Can newspaper be composted? You may think that newspaper is unsuitable for composting since it has ink printing. Fortunately, today’s newspapers are printed with non-toxic ink and are safe for adding to the compost pile. You can compost tea bags and other thin paper products from your home.
Newspaper Compost
Can you compost newspaper? Yes, you can compost cardboard and paper products. Newspaper, office paper, recycled paper, corrugated cardboard, and other cardboard materials like toilet paper and paper towel rolls are fine for making into compost.
However, not all newspapers and paper items are suitable for composting. Avoid putting colored newspaper, glossy paper, or a paper product that contains plastic, like junk mail, in the compost pile since they may contain heavy metals.
Tips for Composting Newspaper
Composting is a practice of combining different types of organic materials to create a rich amendment for soil, whether you follow the way to start composting in a tumbler or pile. However, there are right and wrong ways to compost. Here are some tips for composting newspaper to ensure that you get an excellent final product.

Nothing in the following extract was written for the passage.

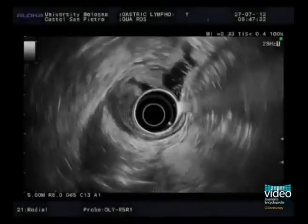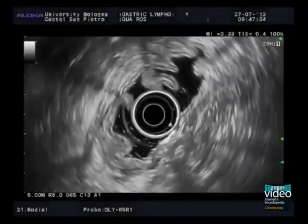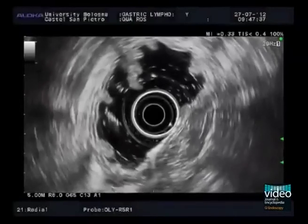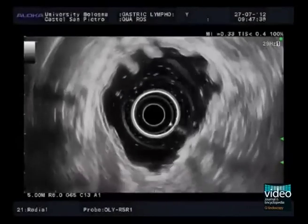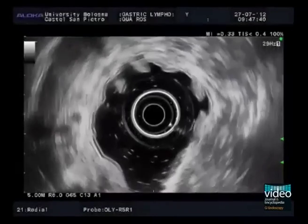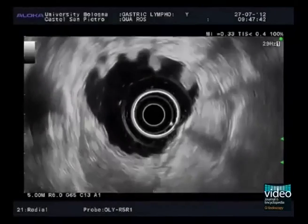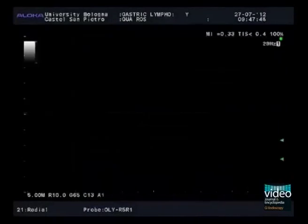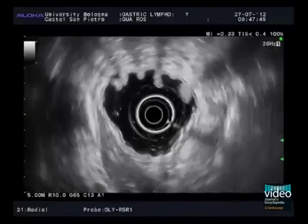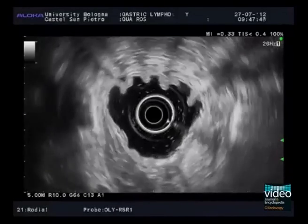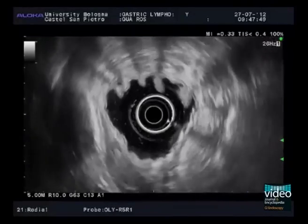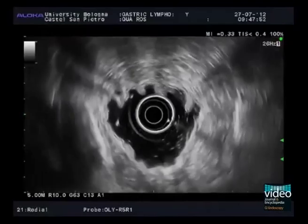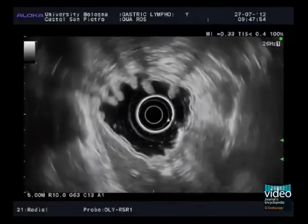The procedure is completed with transgastric scanning. The image is demagnified to allow deeper investigation of the perivisceral structures and organs. In this case, no lymph nodes are visible. Normal left hepatic lobe, spleen, pancreatic parenchyma, and celiac trunk are shown. These findings are compatible with an N0 stage gastric lymphoma.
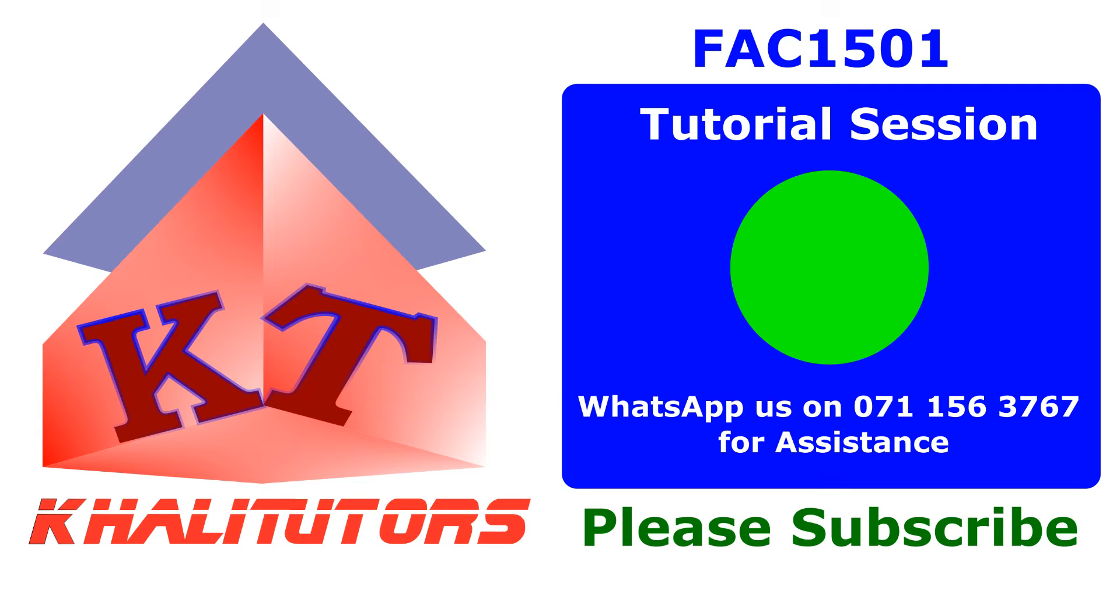I'd like to welcome you to another Kali Tutors tutorial session. In this tutorial session, we'll be focusing on FAC1501.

The most crucial step in making newspaper compost is first to shred the papers. Tossing in bundles of papers or wood ash in compost prevents oxygen from getting to the compost, turning it into a moldy mess.
Using an even mix of green and brown composting material is equally important. For instance, a newspaper, paper bag, straw, and wood branches are carbon-rich browns, while coffee grounds, food waste, and a tea bag are nitrogen-rich greens. Composting food scraps is ideal for adding to your compost heap as long as you don’t include meat or grease.
How to Compost Newspaper
Can you put newspaper in compost? Yes, you can put that in a composter to help improve the turnover and smell of food and garden waste. Find out how to compost newspaper by preparing it for the bin and combining it with suitable materials.
When setting up your compost bin, choose a dry and shady area, ensure a water source is nearby, and add equal amounts of brown and green materials in layers.
Make a layer of dead branches, twigs, leaves, and shredded newspaper, and moisten them lightly with a hose. You can compost egg cartons, too, if they’re the cardboard variety. Add a layer of grass clippings and food scraps, like banana peels, eggshells, and coffee grounds, and cover them with another layer of browns.
Animal manure is ideal for adding to compost, specifically from creatures that are not meat-eaters. There is a difference between manure and compost when you consider using them as fertilizer, so it’s important to distinguish between them.
Cover the compost pile with a tarp to keep the compost moist, and use a shovel or pitchfork to turn the materials every three to seven days. Add more small pieces of browns and greens to the pile in layers as needed, and use the compost as fertilizer or mulch once it is a deep, rich brown color.
You can also consider learning about other dry materials that you can add to the compost bin, like cotton burr. Follow our helpful ways to use cotton burr compost if you have access to this excellent dry material.
Composting is an excellent way to recycle many materials, from food scraps, leaves, and grass clippings to dryer lint, wood ash, and shredded newspaper. However, it’s vital to use a balance of brown and green material and avoid adding toxic materials to ensure you get a nutrient-rich natural fertilizer.